Ze względu na uroczystości związane z rocznicą katastrofy smoleńskiej posiedzenie zacznie się dopiero o 11:00, od przyjęcia sprawozdania komisji sprawiedliwości nt. rządowego projektu ustawy dotyczącej skrócenia kadencji i zmienionego sposobu wyboru sędziów-członków KRS. To pierwszy z pakietu ustaw przywracających praworządność projekt, jakie trafiły do Sejmu.
Wczesnym popołudniem posłowie wysłuchają też sprawozdania ws. projektu przedłużenia tzw. wakacji kredytowych. Rządowy projekt wsparcia kredytobiorców znajdujących się w trudnej sytuacji finansowej ma już charakter pilny, bo Sejm będzie w jego sprawie dopiero na etapie II czytania, a przepisy mają zacząć obowiązywać już od 1 maja.

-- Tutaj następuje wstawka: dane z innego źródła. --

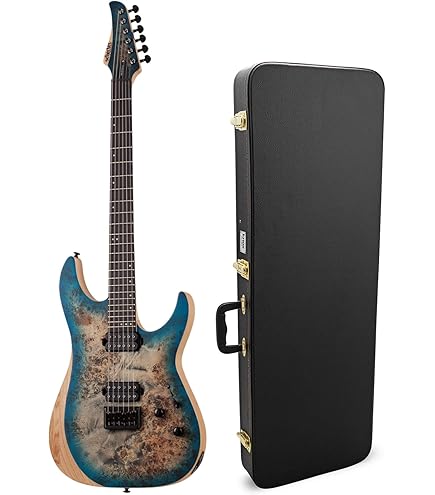 Amazon.com: Schecter Reaper-6 - Satin Sky Burst : Musical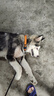 petlimit狗狗脖圈項圈小中大型犬頸圈泰迪金毛狗鏈脖套寵物用品柔軟 桔色L 曬單實拍圖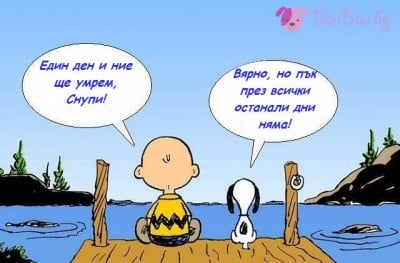 Мъдра равносметка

Już od 15:30 planowane jest przeprowadzenie debaty ws. złożonego przez posłów PiS wniosku o wotum nieufności dla szefa MSWiA Marcina Kierwińskiego. Jego autorzy obciążają ministra odpowiedzialnością za zamieszki, do których doszło 6 marca podczas manifestacji rolników przed Sejmem. Głosowanie w tej sprawie zostało zaplanowane na 17:00.
Wieczorem posłowie zajmą się też projektem zmian przepisów, związanych z zapewnieniem ciągłości działania gmin w wypadku objęcia przez ich włodarzy innych funkcji z wyboru.

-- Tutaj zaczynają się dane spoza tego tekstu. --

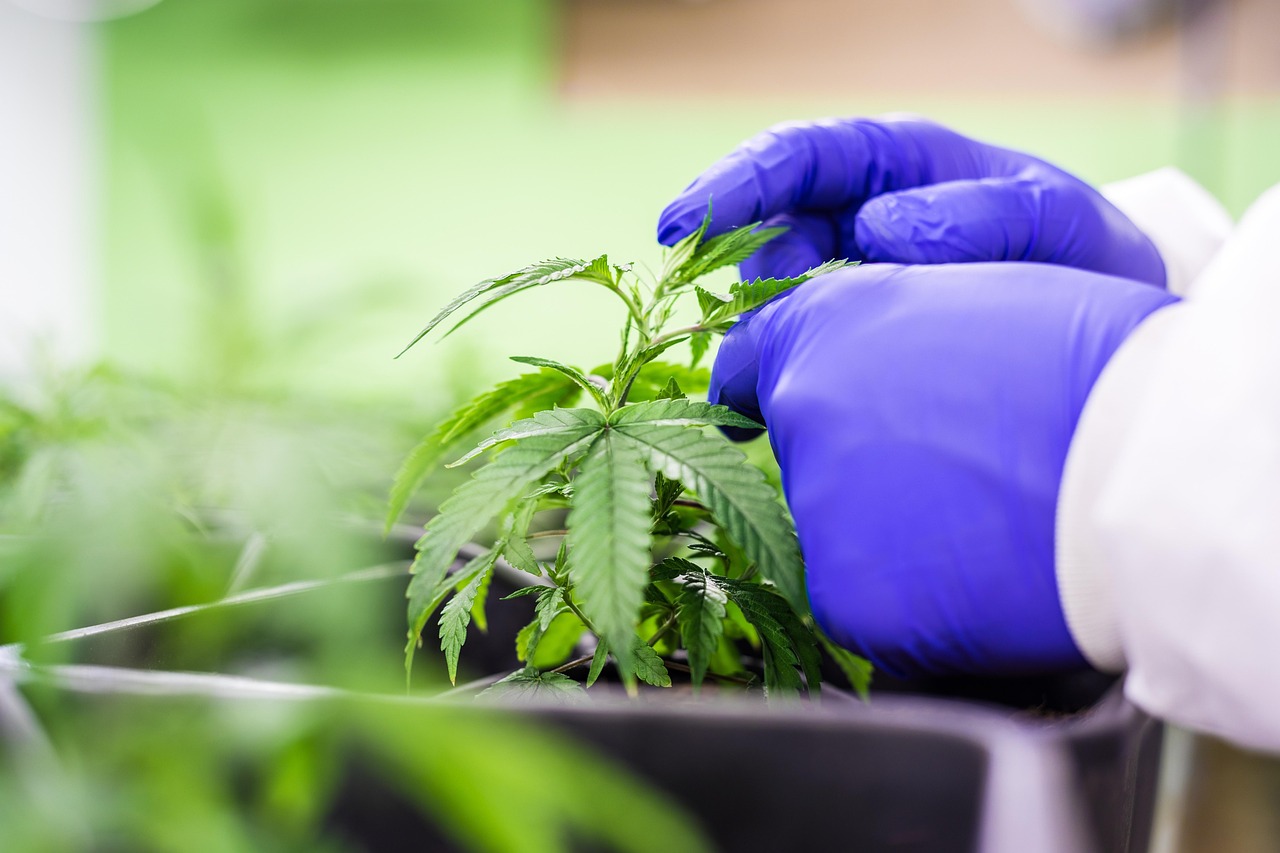 Полезные свойства и применение семян конопли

Do wczesnego popołudnia posłowie będą się zajmować kilkugodzinną serią pytań w sprawach bieżących i informacją bieżącą na wniosek klubu Lewicy. Według porządku obrad o 12:45 Sejm przystąpi zaś w końcu do pierwszych czytań złożonych przez Lewicę, Koalicję Obywatelską i ugrupowania Trzeciej Drogi projektów ustaw, dotyczących prawa aborcyjnego. Ze względu na wzbudzanie niepotrzebnych jego zdaniem przed wyborami emocji ich przeprowadzenie marszałek Sejmu wielokrotnie zapowiadał właśnie na 11 kwietnia.

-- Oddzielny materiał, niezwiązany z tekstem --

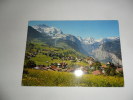 Wengen - Wengen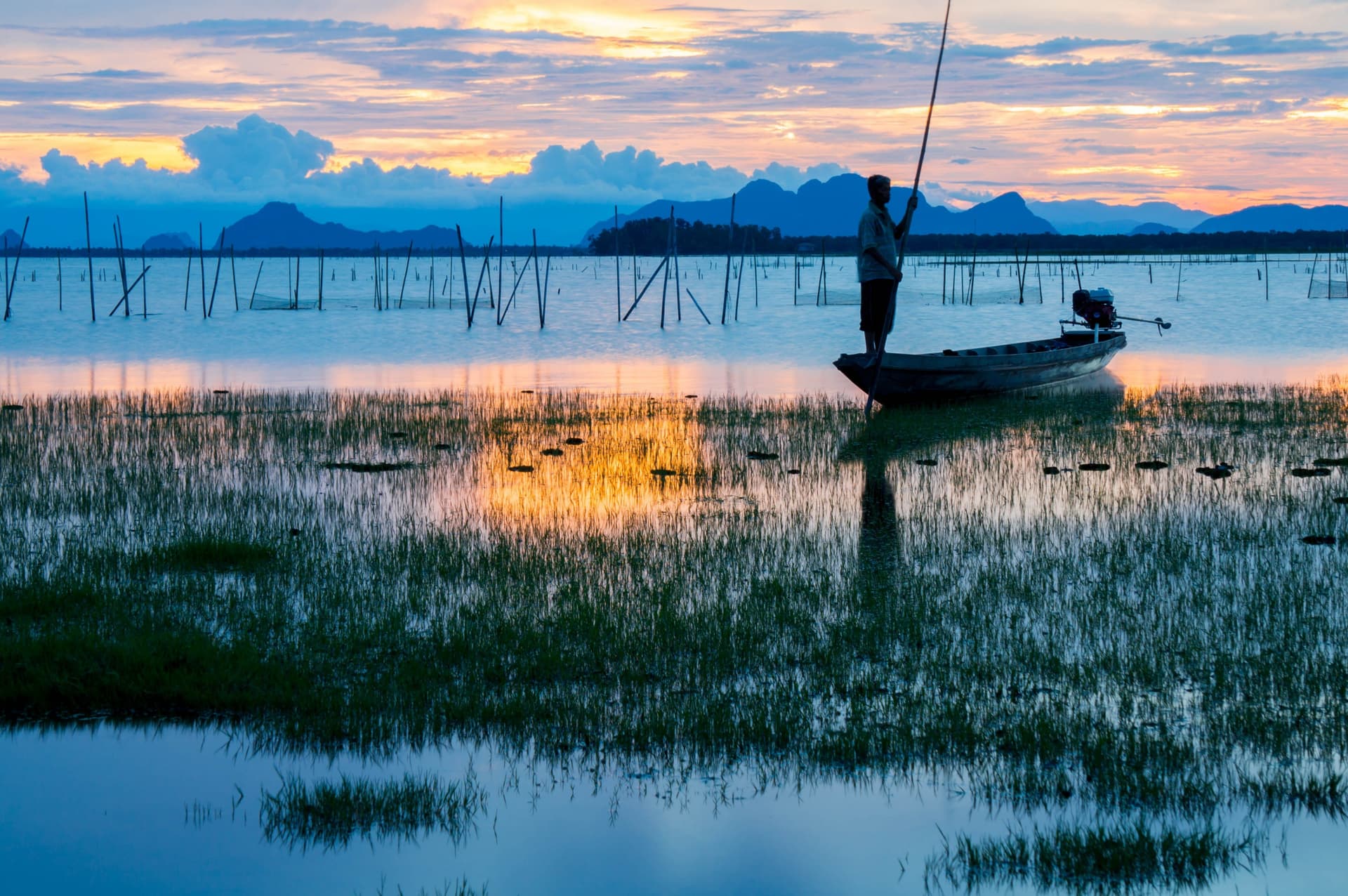 Grand Parco degli Uccelli Acquatici di Thale Noi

Zaplanowaliśmy ponad sześć godzin dyskusji nad projektami dotyczącymi przerywania ciąży - precyzował Szymon Hołownia - Wydłużyliśmy na prezydium czas dla klubów do 20 minut. To są cztery projekty, dobrze żeby każdy miał prawo się wypowiedzieć. Nie będzie limitowania pytań, więc przypuszczam, że ta debata będzie długa i intensywna.
Niemal natychmiast potem, o 19:00 Sejm zajmie się też sprawozdaniem ws. rządowego projektu ustawy o stosowaniu zabezpieczeń na wyrobach tytoniowych nieobjętych akcyzą.
Ostatniego dnia posiedzenia między 12:00 a 14:30 posłowie przeprowadzą głosowania w omówionych sprawach, w tym tej najbardziej kontrowersyjnej - głosowanie nad skierowaniem do dalszych prac projektów ustaw dotyczących aborcji.
Sejm przeprowadzi też pierwsze czytanie przygotowanego przez prezydium projektu uchwały ws. powołania i wyboru składu komisji nadzwyczajnej, która miałaby się zająć projektami ustaw ws. aborcji.
Zapadnie też decyzja ws. odwołania członków Komisji ds. reprywatyzacji nieruchomości warszawskich.
W pierwotnym porządku obrad Sejm planował też pierwsze czytania złożonych przed miesiącem w Sejmie, należących do pakietu przywracania praworządności projektów ustaw dotyczących zmian w Trybunale Konstytucyjnym. Projekty stanowią realizację uchwały Sejmu, przyjętej przez posłów kilka tygodni temu.
Posłowie mieli też przeprowadzić pierwsze czytanie projektu zmian w Kodeksie karnym, przywidującego uznanie gwałtu za zbrodnię a nie występek i zmianę jego definicji.
Zaplanowane jest też rozpatrzenie zmian w Kodeksie wykroczeń, których celem jest uniemożliwienie karania rolników za prowadzenie prac w godzinach nocnych.